- Exercise goal -
Print all of the records. Exclude the images.

- Exercise material -
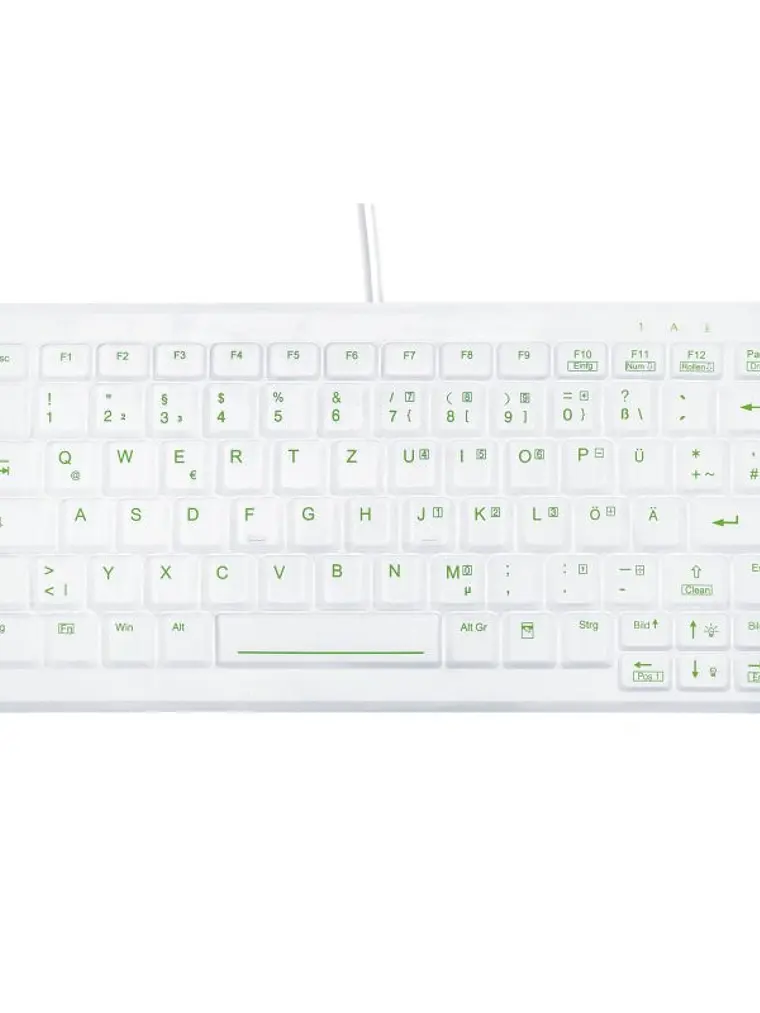 Active Key Teclado Lavable-Desinfect. retroilum Bl 1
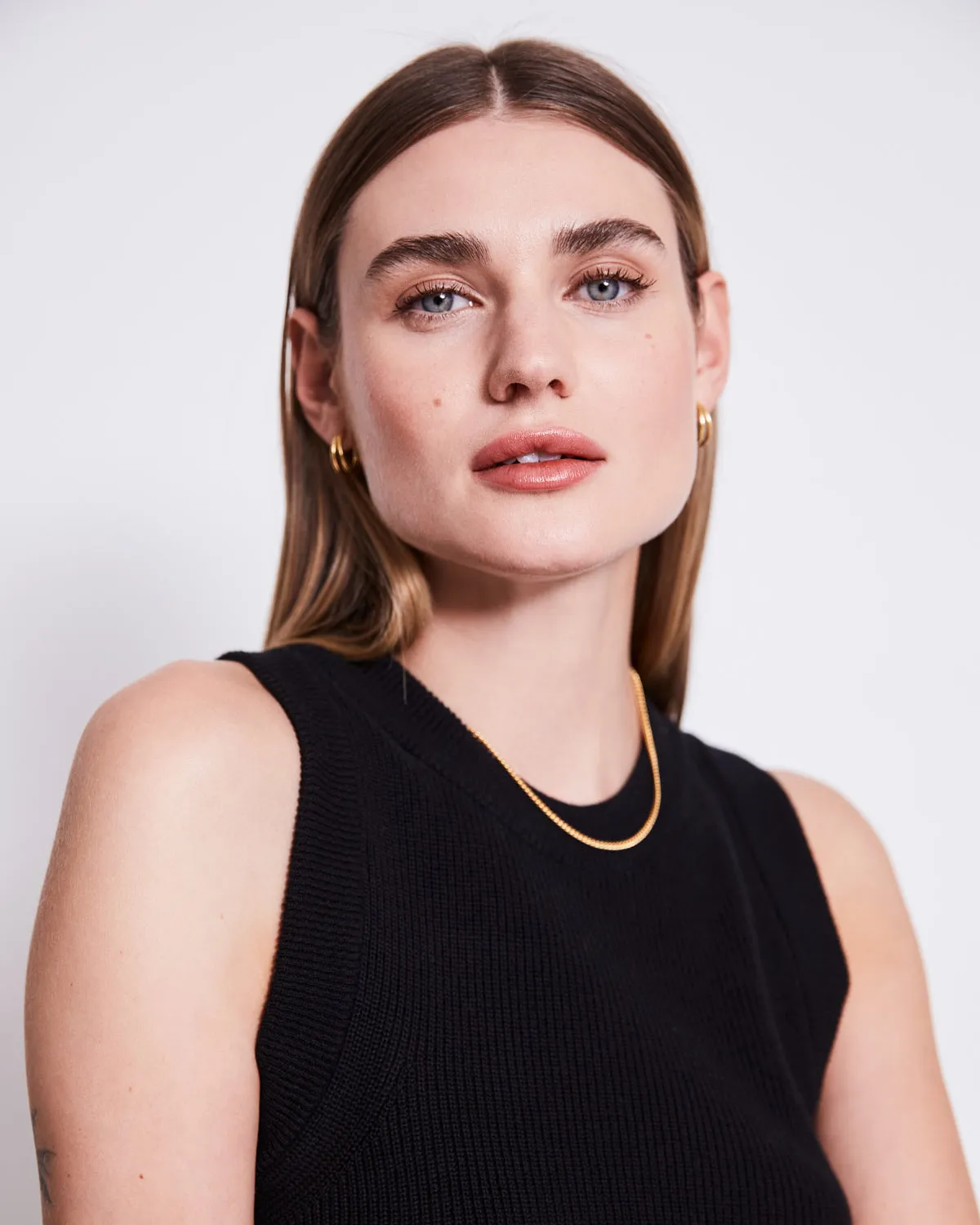 KNIT PANTS ANA BLACK GOTS sold by JAN 'N JUNE product image thumbnail 3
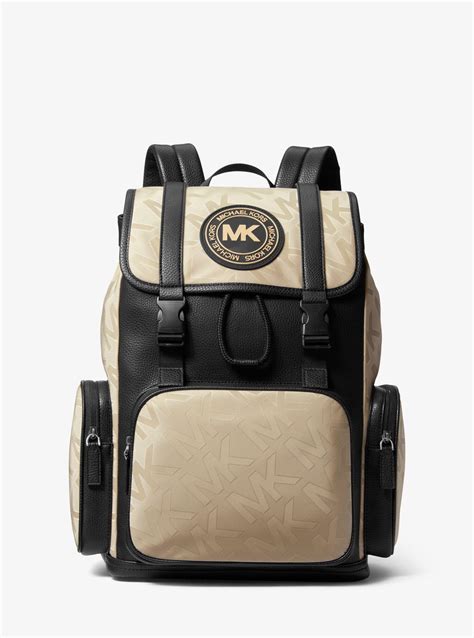 michael kors mens travis nylon backpack|Michael Kors nylon belt bag.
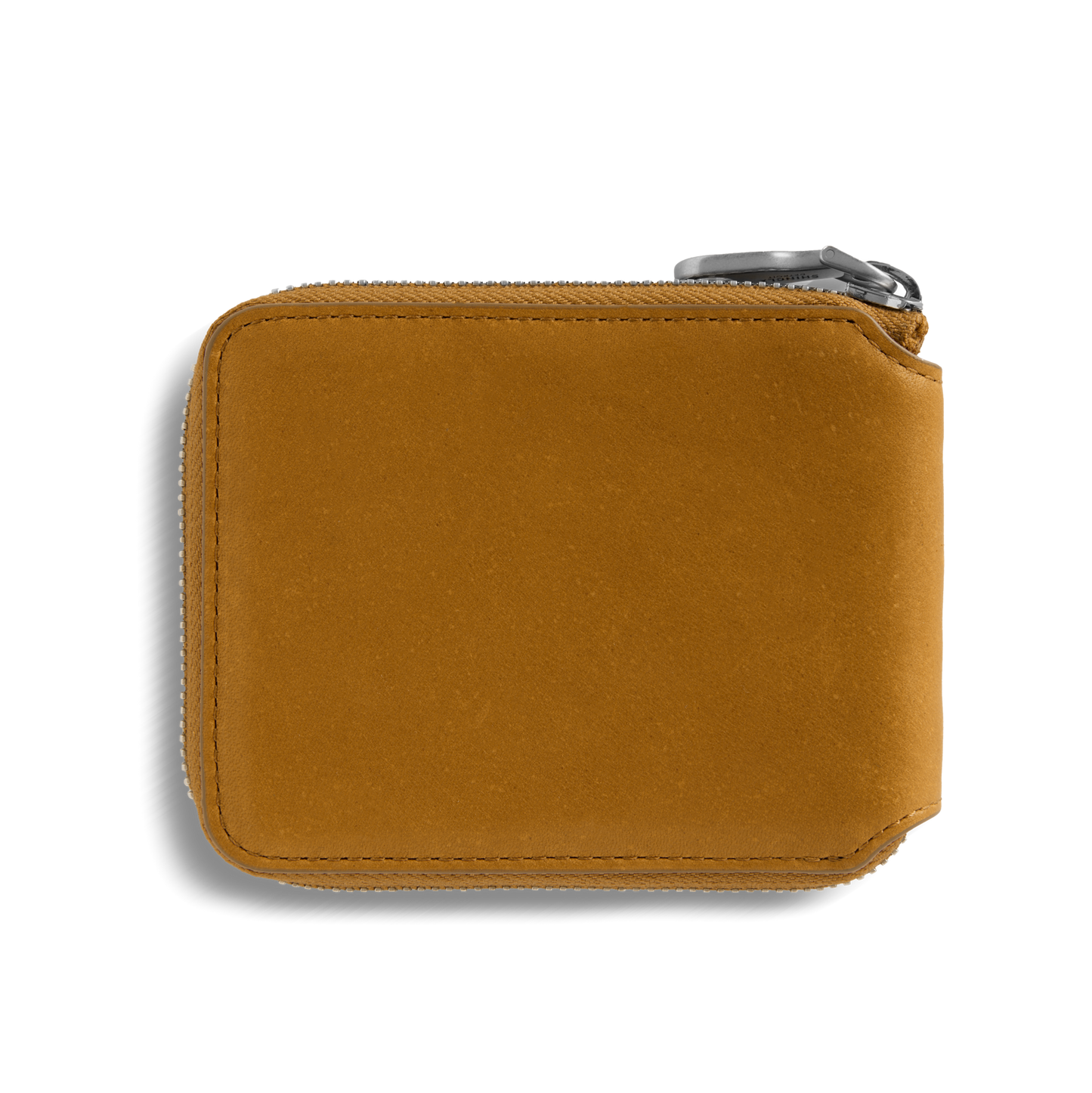 Zip Around Wallet - Tan
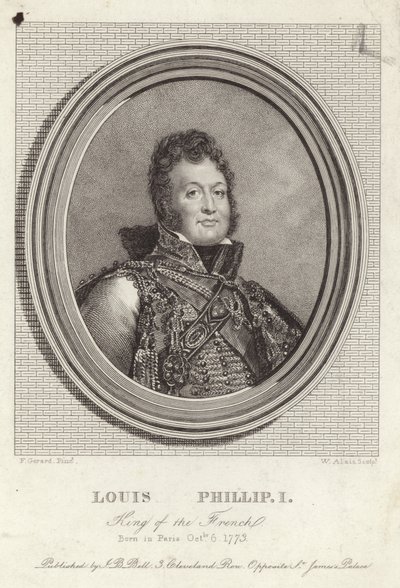 Louis Philippe I door French School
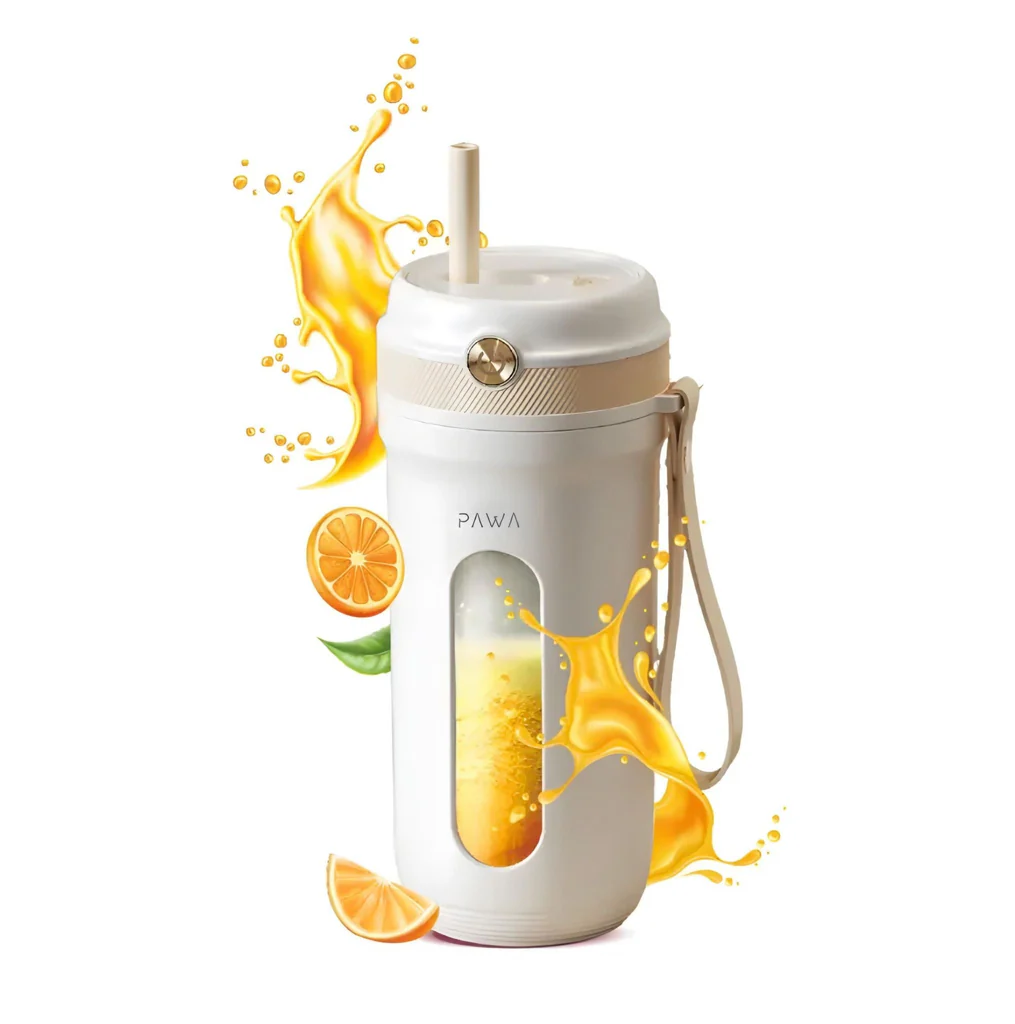 PAWA JUGO PORTABLE BLENDER 350 ML 80W WHITE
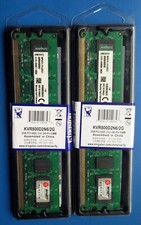 2X 2Gb 4 Gb 800MHz DDR2-800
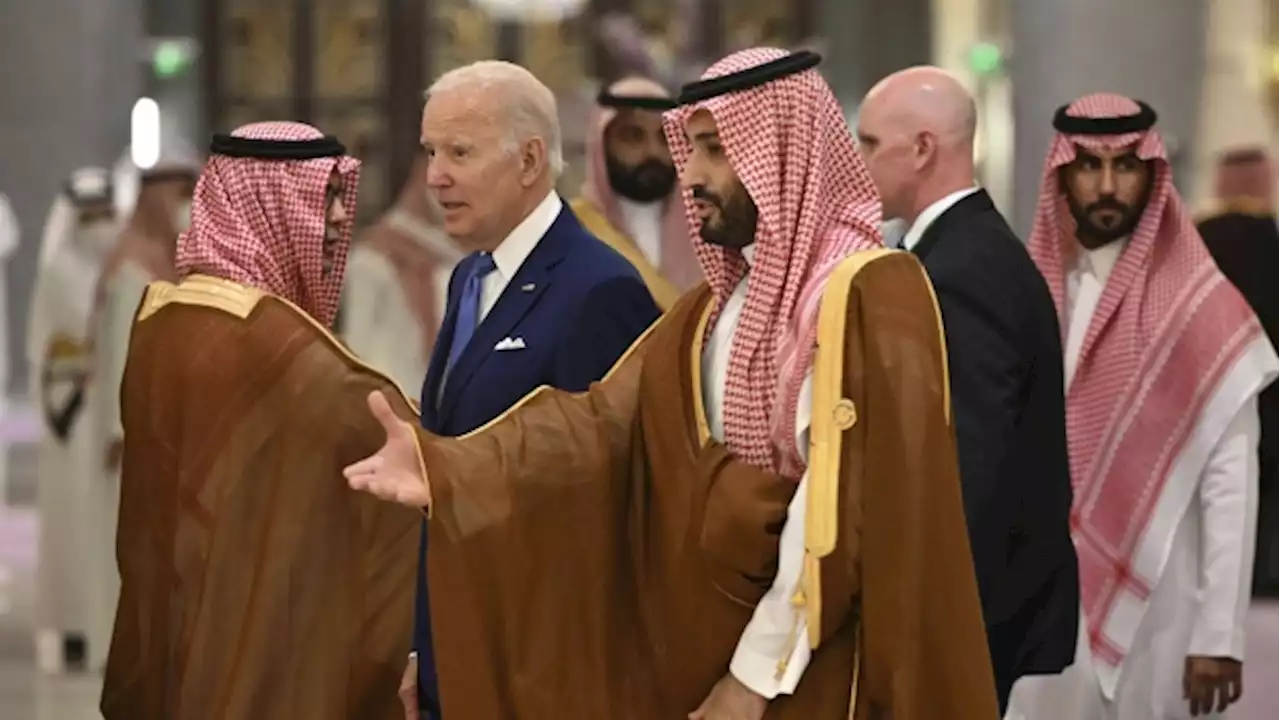 Biden says US 'will not walk away' from Middle East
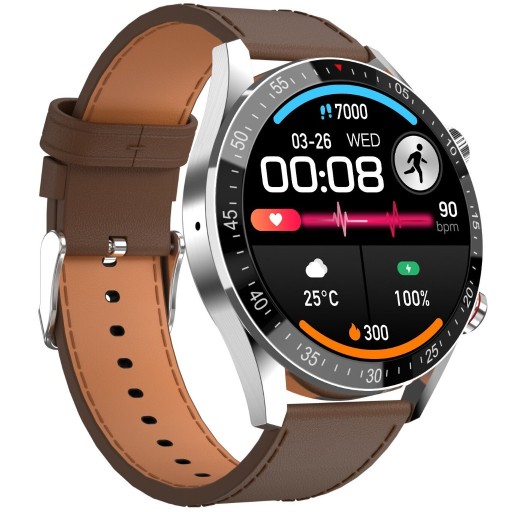 Zdjęcie oferty: Zegarek Smartwatch męski Gravity GT4-7 PREZENT BOX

- Task answer -
 Active Key Teclado Lavable-Desinfect. retroilum Bl 1
 KNIT PANTS ANA BLACK GOTS sold by JAN 'N JUNE product image thumbnail 3
 michael kors mens travis nylon backpack|Michael Kors nylon belt bag.
 Zip Around Wallet - Tan
 Louis Philippe I door French School
 PAWA JUGO PORTABLE BLENDER 350 ML 80W WHITE
 2X 2Gb 4 Gb 800MHz DDR2-800
 Biden says US 'will not walk away' from Middle East
 Zdjęcie oferty: Zegarek Smartwatch męski Gravity GT4-7 PREZENT BOX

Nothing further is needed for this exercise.